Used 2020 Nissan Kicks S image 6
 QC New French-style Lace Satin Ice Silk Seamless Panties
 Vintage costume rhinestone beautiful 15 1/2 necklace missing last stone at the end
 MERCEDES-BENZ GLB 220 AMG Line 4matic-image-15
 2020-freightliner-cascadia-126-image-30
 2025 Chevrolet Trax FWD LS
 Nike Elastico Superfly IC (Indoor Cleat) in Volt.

-------------------------

Your instructions — Print every entry exactly as it appears.

Reply —
Used 2020 Nissan Kicks S image 6
 QC New French-style Lace Satin Ice Silk Seamless Panties
 Vintage costume rhinestone beautiful 15 1/2 necklace missing last stone at the end
 MERCEDES-BENZ GLB 220 AMG Line 4matic-image-15
 2020-freightliner-cascadia-126-image-30
 2025 Chevrolet Trax FWD LS
 Nike Elastico Superfly IC (Indoor Cleat) in Volt.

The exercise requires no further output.